German pilots prevent over 200 migrant deportations this year
AFP Photo


Over 200 migrant deportations have been thwarted this year by German pilots simply grounding planes. Between January and September, 222 planned deportations did not happen due to pilots refusing to take off from Germany to return migrants to their countries of origin, according to media sources.

Most of these flights were headed to Afghanistan, considered a "safe country of origin" by the German government despite the ongoing conflict there.

Some 85 aborted flights were conducted by Lufthansa and its subsidiary Eurowings, with over half scheduled to depart from Frankfurt Airport.

Lufthansa representative Michael Lamberty said pilots decide whether to lift off during deportation flights on a "case-by-case" basis.

"If he or she had the impression that flight safety could be affected, he must refuse to transport the passenger," Lamberty said.
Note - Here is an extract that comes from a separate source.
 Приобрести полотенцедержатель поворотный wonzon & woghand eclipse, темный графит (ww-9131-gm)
The exact reasons behind pilots refusing to fly remain unclear.

On Thursday, 27 migrants were deported from Germany to Afghanistan, with their touch down in Kabul confirmed by the International Organization for Migration.

Nearly 500 activists staged protests at Frankfurt Airport to protest the largest deportation since January.
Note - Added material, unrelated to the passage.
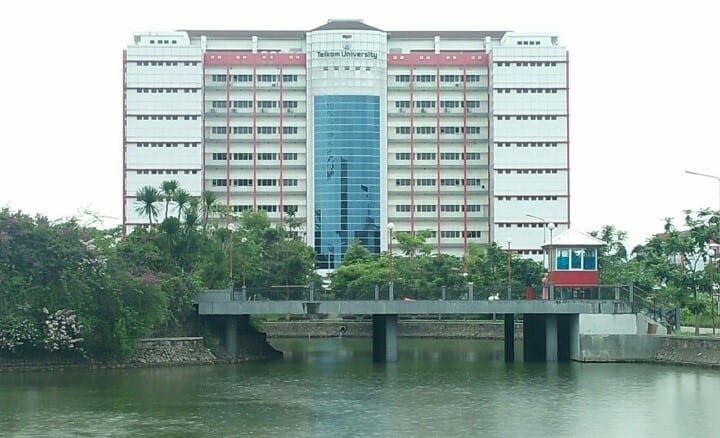 Area danau Situ Tekno Telkom University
Germany has deported failed asylum seekers to Afghanistan and Pakistan, officials confirmed, in a move seen as controversial due to conflict in the region, according to DPA. The two charter flights touched down Wednesday night in the Pakistani capital Islamabad and yesterday morning in the Afghan capital Kabul.

The planes carried 27 Afghans and 28 Pakistanis, including both failed asylum seekers and others who were caught trying to enter Germany with fake papers, the officials said.

The Kabul-bound plane, leaving from Frankfurt, was carrying the largest group of deported migrants since the first flight in December 2016 when 34 people were on board to Kabul.

In eight deportation flights, Germany has now brought 155 Afghans back to their home country after an estimated 250,000 Afghans left for Europe in 2016 alone amid an ever-intensifying conflict with the resurgent Islamist Taliban movement.

The German Interior Ministry told dpa that among the 27 men on board, 17 were criminals, eight had not cooperated with authorities while clarifying their identity and two were terrorist suspects.

Authorities had restricted deportations to just those three groups after a massive truck bomb went off in front of the German Embassy in Kabul in May.